**Problem statement**:
Reproduce, exactly and only, the lines of the data that follows from the one containing "Snapshot of linda_giggle" down to the one containing "Cropp - Sztruksowe", without pictures.

**Provided information**:
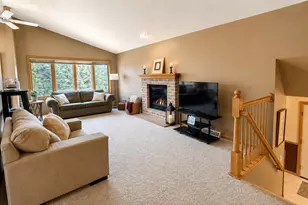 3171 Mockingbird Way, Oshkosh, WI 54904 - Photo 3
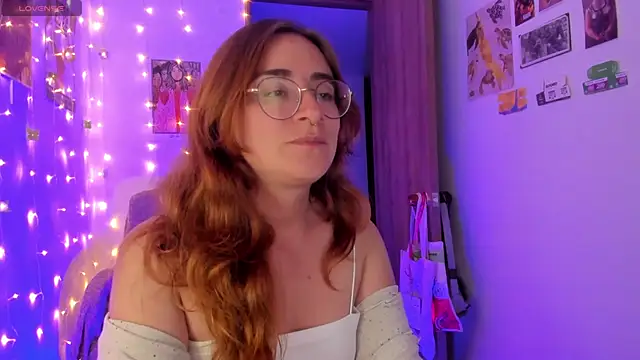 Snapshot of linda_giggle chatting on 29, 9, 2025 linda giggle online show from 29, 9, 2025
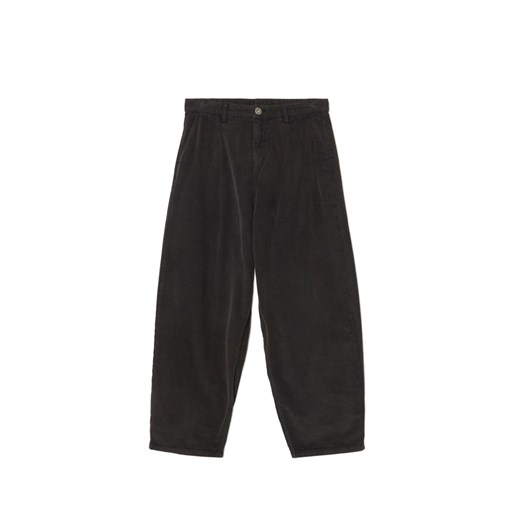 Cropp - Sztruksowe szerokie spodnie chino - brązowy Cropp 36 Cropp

...

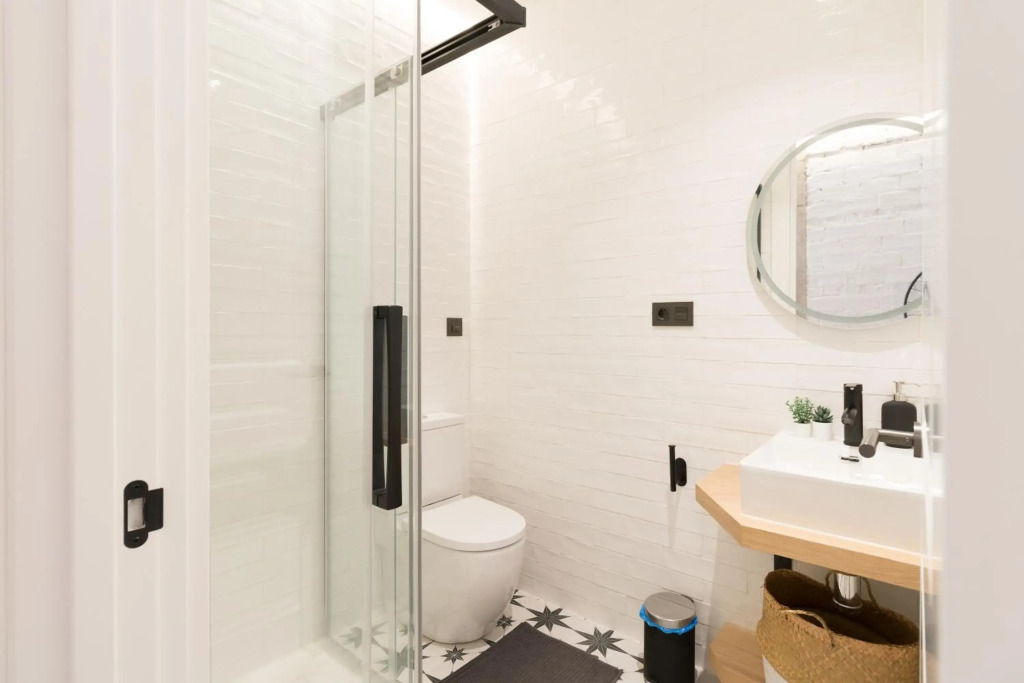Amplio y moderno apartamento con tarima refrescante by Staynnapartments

---

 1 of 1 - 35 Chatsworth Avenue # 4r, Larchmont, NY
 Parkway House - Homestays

**Output of the exercise**:
 Snapshot of linda_giggle chatting on 29, 9, 2025 linda giggle online show from 29, 9, 2025
 Cropp - Sztruksowe szerokie spodnie chino - brązowy Cropp 36 Cropp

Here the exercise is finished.